Canadians often take comfort in the notion that spectacles of gruesome gun violence are part of a US pathology that has prevented Americans from putting in place sensible laws to limit the availability of personalized weapons for mass destruction.

But the website of Manitoba-based Wolverine Supplies quickly corrects that misimpression, as it prompts me to load up my online shopping cart with a collection of “combat-proven” assault rifles.

The Wolverine website features a section called “packing in pink,” with a drawing of a sultry, bare-midriffed young woman sporting a handgun, amid an array of pink accessories.
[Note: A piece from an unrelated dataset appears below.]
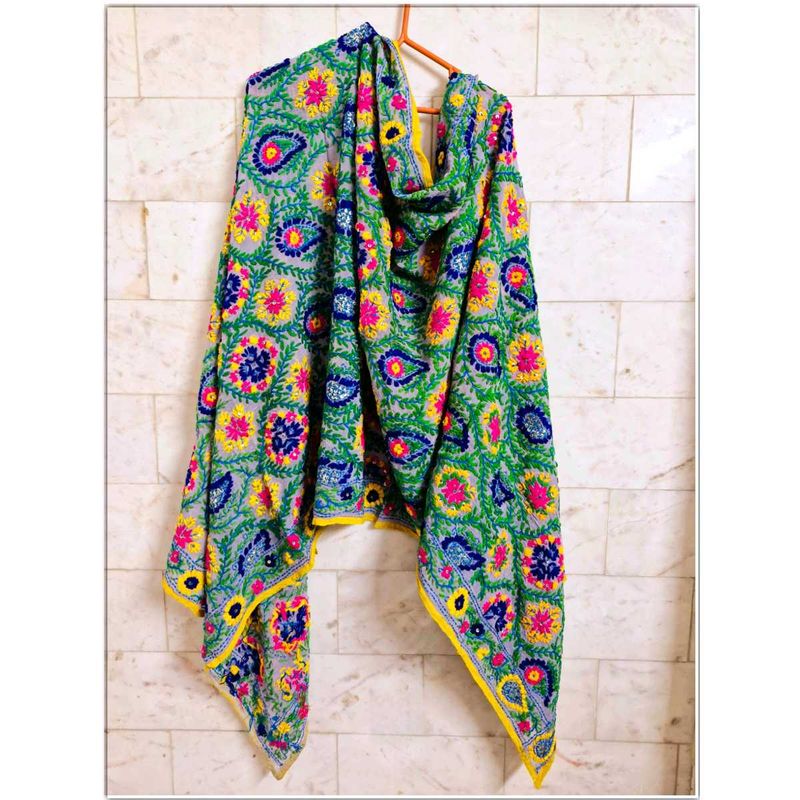 Grey Embroidered Dupatta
The Wolverine site has all the consumer breeziness of online bookseller Amazon.ca, making it easy to forget you’re not dealing with books but rather high-powered weapons which have little use unless you’re planning to wipe out a SWAT team. 

The Wolverine website features a section called “packing in pink,” with a drawing of a sultry, bare-midriffed young woman sporting a handgun, amid an array of pink accessories.

Certainly the website promotes the fun of guns: “Now that you’ve got your new firearm you’ve been waiting for, you just want to go out and shoot it!” The website advises you to read the instruction manual first.

Shopping on the Wolverine website, it’s easy to forget that semi-automatic assault rifles, which allow the shooter to fire at every squeeze of the trigger, are machines designed explicitly to kill humans in warfare. They are not suitable for hunting, unless the intention is to pump bullets into a forest in the hope that a deer nestled among the trees might be caught napping. Quite the sport.

All this suggests that the intense Canadian political focus on the federal gun registry may have ultimately been a distraction from an even bigger gun issue — the ready availability of combat weapons in Canada.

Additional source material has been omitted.